You're a developer or technical professional who relies on AI language models like GPT-4 to assist with coding tasks, research, and analysis. But lately, you've been noticing a frustrating trend - the AI seems to be getting lazier and less reliable. It provides truncated code snippets with placeholders instead of complete implementations. It omits crucial details or forgets entire sections of examples you provide. It confuses functions and parameters, invents non-existent properties, and makes silly mistakes that force you to spend more time manually fixing its output than if you'd just done it yourself from the start.

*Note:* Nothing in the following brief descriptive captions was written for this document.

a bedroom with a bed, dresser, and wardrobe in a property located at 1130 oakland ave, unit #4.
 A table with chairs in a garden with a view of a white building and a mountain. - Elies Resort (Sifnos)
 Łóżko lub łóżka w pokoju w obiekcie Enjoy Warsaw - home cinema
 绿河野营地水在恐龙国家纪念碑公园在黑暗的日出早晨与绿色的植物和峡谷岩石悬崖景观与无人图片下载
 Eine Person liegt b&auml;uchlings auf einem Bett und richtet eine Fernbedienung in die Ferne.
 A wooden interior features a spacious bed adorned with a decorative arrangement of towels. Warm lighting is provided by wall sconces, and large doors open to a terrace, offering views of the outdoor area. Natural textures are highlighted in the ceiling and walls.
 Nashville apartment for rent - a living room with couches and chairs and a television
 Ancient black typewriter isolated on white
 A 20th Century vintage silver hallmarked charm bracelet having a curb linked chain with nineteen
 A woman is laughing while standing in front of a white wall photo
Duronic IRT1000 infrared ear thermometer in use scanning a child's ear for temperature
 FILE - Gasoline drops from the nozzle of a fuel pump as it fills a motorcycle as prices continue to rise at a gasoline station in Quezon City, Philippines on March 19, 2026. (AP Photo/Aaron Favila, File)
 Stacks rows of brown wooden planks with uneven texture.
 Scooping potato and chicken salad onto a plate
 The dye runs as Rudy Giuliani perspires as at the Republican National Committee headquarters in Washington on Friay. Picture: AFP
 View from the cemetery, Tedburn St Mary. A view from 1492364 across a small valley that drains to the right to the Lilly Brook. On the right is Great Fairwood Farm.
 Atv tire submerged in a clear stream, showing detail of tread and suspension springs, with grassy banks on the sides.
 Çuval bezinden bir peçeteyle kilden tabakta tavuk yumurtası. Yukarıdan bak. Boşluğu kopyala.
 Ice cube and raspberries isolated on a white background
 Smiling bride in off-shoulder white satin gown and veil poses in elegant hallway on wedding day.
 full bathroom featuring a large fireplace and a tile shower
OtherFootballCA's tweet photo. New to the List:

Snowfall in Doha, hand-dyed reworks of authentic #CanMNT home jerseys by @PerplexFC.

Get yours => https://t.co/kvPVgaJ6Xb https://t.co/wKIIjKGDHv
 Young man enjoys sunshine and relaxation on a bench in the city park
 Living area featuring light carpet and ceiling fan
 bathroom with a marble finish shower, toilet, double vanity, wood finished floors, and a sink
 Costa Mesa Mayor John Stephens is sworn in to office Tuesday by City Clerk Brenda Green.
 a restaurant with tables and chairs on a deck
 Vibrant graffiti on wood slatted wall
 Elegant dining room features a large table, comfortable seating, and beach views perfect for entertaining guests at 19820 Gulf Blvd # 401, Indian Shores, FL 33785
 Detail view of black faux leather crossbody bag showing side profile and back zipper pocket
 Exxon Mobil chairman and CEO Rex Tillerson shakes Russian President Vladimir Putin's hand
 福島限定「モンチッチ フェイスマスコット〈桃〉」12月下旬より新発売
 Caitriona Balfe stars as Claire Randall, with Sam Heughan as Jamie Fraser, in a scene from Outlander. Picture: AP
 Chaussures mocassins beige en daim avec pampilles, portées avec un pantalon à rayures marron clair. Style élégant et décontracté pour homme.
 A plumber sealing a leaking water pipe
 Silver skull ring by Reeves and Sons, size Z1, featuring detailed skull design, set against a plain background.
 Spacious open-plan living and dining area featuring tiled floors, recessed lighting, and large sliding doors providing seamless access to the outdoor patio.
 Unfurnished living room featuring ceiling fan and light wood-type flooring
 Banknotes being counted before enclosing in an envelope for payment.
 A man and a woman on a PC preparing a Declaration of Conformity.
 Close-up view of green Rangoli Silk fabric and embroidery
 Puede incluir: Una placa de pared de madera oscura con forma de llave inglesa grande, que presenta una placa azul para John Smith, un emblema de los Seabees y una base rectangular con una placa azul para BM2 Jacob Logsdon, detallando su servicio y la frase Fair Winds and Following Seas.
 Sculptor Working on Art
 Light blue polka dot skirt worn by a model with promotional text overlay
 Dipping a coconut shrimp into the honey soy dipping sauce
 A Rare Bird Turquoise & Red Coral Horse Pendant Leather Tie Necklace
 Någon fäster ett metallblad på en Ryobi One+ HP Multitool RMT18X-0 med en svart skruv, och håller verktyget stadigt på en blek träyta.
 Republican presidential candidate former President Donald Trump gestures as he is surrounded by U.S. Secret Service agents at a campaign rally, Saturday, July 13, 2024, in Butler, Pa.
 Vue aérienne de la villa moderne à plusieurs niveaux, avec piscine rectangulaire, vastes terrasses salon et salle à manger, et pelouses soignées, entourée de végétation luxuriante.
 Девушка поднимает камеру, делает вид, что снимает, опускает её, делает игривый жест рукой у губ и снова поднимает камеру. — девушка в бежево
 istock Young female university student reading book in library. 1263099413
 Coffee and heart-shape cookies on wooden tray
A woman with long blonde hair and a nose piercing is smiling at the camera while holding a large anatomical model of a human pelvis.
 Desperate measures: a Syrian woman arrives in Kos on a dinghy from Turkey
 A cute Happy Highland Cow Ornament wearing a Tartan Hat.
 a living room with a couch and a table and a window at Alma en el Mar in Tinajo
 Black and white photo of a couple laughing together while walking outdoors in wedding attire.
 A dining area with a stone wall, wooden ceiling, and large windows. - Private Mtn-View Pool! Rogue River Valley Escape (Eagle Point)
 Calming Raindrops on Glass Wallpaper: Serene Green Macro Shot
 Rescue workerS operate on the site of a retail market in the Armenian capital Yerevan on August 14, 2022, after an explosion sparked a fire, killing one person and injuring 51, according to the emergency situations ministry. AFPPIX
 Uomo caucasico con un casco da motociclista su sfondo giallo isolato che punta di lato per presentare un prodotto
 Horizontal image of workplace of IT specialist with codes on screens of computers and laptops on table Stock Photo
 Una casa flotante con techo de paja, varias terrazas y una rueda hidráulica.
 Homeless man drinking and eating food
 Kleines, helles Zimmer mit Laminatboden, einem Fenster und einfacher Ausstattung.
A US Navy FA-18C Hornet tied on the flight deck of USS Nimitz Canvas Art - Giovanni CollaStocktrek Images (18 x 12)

You've tried everything - tweaking the temperature and top-p sampling settings, adding verbose prompts with explicit instructions, even lecturing the AI sternly. But no matter what you do, it keeps dropping the ball, leaving you with half-baked, inconsistent responses that require heavy reworking. The whole point of leveraging AI was to save time and reduce your workload, but now you're spending more effort babysitting and course-correcting than you are getting productive assistance.

The inconsistency is maddening - one moment the AI will blow you away with a brilliant, thorough implementation. The next, it will choke on a seemingly simpler task, providing an incomplete, low-effort output filled with head-scratching omissions and errors. You've started questioning whether the latest AI models are actually a step backwards in terms of coding reliability.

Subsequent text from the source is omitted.